Paul Ryan is not a bad person
In an effort to talk about anything other than the serious problems facing this country, the latest distraction that Democrats have come up with to avoid talking about the dismal economy seems to be that Paul Ryan used to like Ayn Rand. Now, what this says to me is that he had the patience to dredge through thousands of pages of awful writing, and that at one point he was an adolescent male in the United States. But what we’re supposed to take away from this is that Paul Ryan is an evil man coming to rape seniors and the poor for the 1%. Or something.
Look, if they want to play this game, we can do it too. Has Tim Geithner read all of the Harry Potter books? Because quite frankly, magic is the only way those budgets are ever going to balance. Also, it would make Tim Geithner a witch.
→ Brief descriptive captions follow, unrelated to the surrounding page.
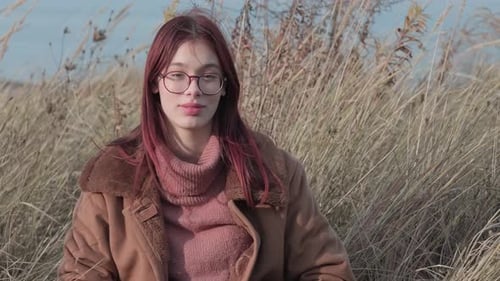 Stylish Young Woman in a Field of Wheat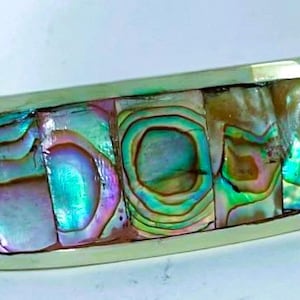 May include: A silver-toned bracelet with iridescent abalone shell inlays. The rectangular shell pieces display a range of colors, including blues, greens, and purples. The bracelet has a polished finish and a classic design.
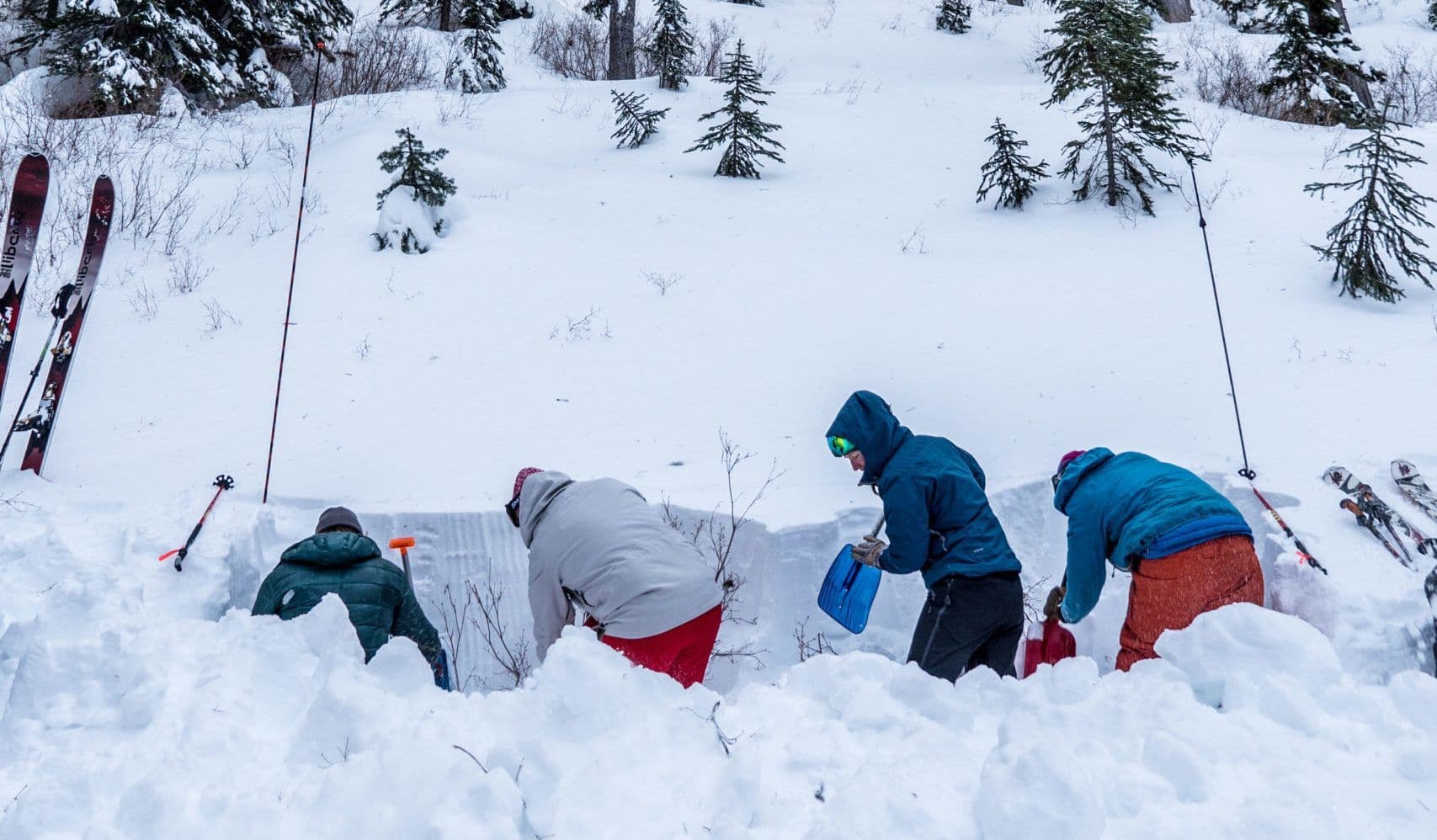 People shoveling on avalanche course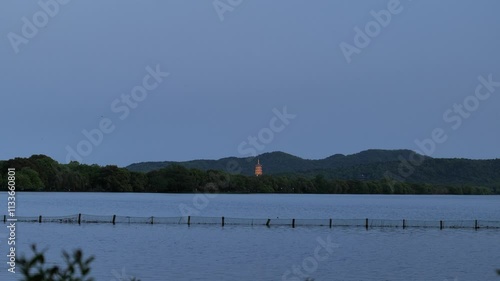 A tranquil sunset over West Lake (Xi Hu) in Hangzhou, China. The sun dips below the horizon, casting golden reflections on the rippling waters. High quality 4k footage photo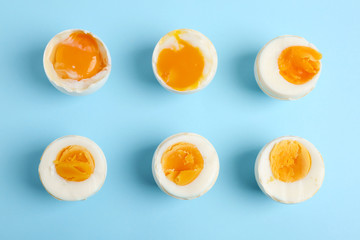 Different readiness stages of boiled chicken eggs on light blue background, flat lay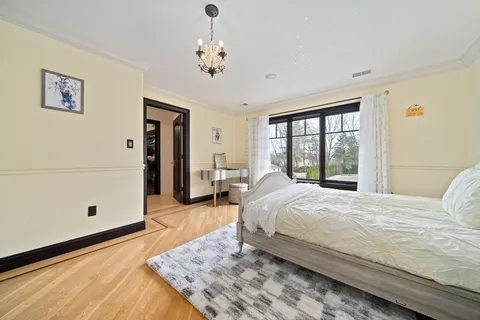 a spacious bedroom with a bed and a dresser next to a window
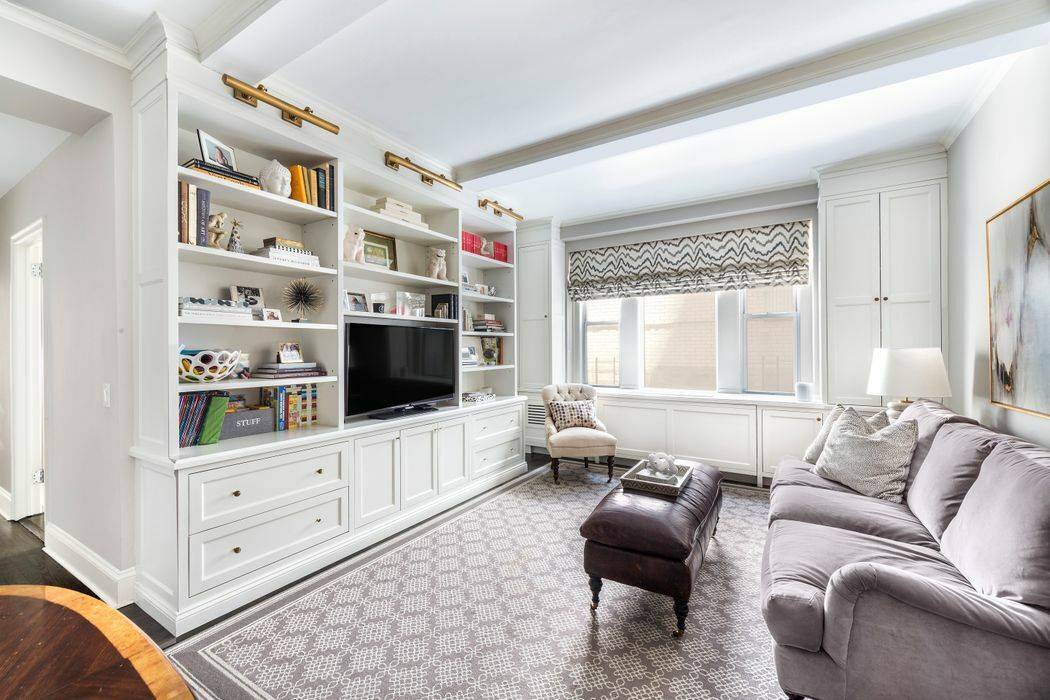 Meticulously renovated and perfectly situated on one of the Upper East Side s most desirable blocks, this elegant designer owned pre war two bedroom, two bath residence offers a rare ...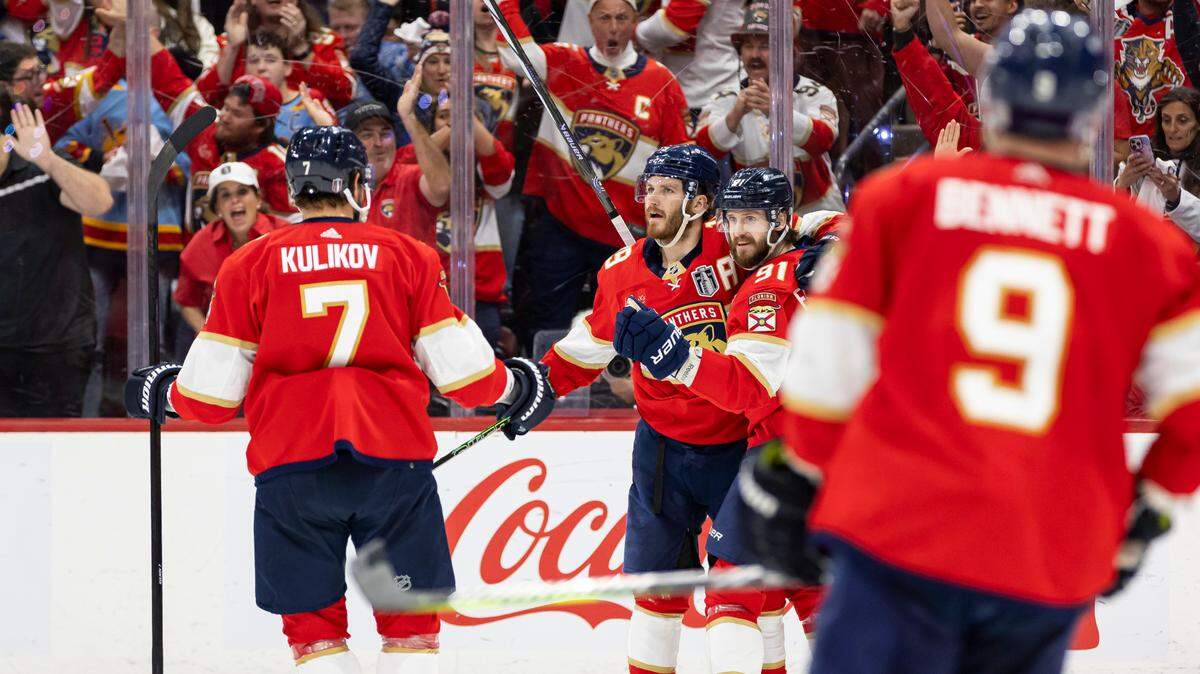 Florida Panthers defenseman Oliver Ekman-Larsson (91) celebrates with his teammates after scoring against the Edmonton Oilers in the third period of Game 5 of the NHL Stanley Cup Final at the Amerant Bank Arena on Tuesday, June 18, 2024, in Sunrise, Fla.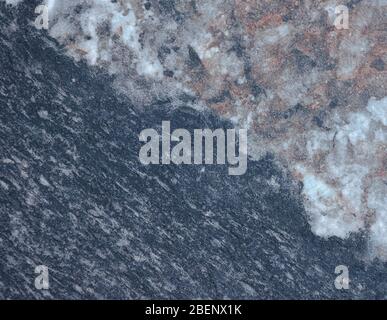 Fragment of an unusual stone, the combination of two marble and granite texture of dark and light color. Background. Stock Photo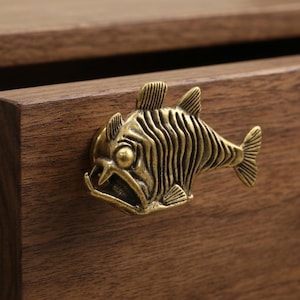 Puede incluir: Un tirador de mueble de metal color latón con forma de pez de aguas profundas, con un ojo prominente, dientes afilados y aletas texturizadas. El mango con forma de pez está montado en el frente de un cajón de madera de color marrón oscuro.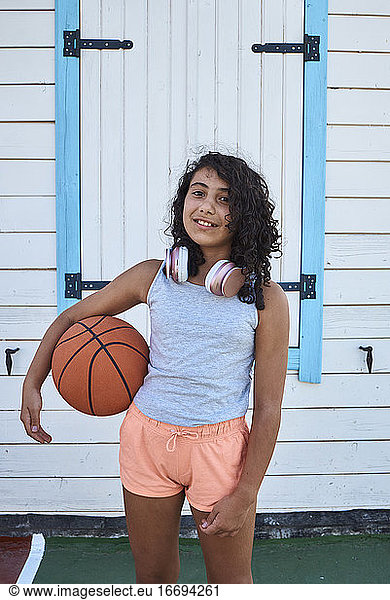 A little girl with curly hair headphones and a basketball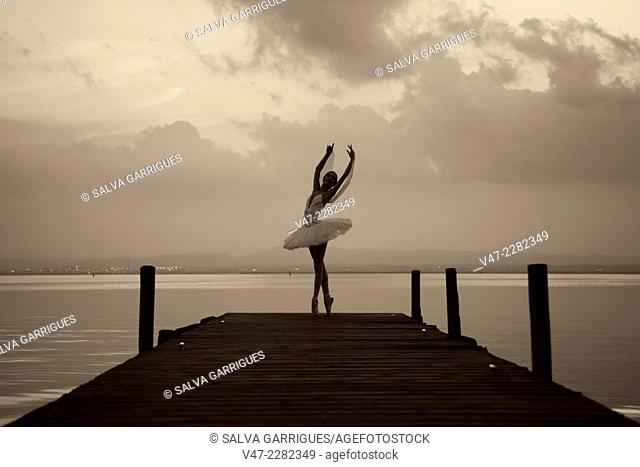 Ballet dancer dancing in the lake harbor, Albufera, Valencia, Spain, Europe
And if Energy Secretary Stephen Chu ever sat through all of Avatar, I have to assume that is where he got his ideas about what makes a profitable private-public energy partnership.
Paul Ryan’s plans are not truthfully that “extreme” or “radical”. Having a budget and a way to avoid a fiscal crisis are not extreme or radical proposals. Continuing to do the same thing until banks stop lending and unemployment rates look like what they do in Greece or Spain is a far more extreme suggestion.
Nonetheless, we’re about to hear a lot more about how Paul Ryan plans to “screw” the middle class and leave the poor to starve. People have heard that Paul Ryan is bold, courageous, and intelligent. As he campaigns for Mitt Romney, they’re learning that he’s articulate and has an ability to really connect with voters. Those are all very positive things, and it’s already starting to show in the poll numbers. Many in the media believe it’s impossible for Ryan to get elected after repeatedly issuing budget proposals that reform government spending, but the reality is that they are scared. They’re not attacking the substance of his plans, because they can’t. They’re attacking Paul Ryan the person because it’s the easiest way to make their wild claims about Medicare funding seem true.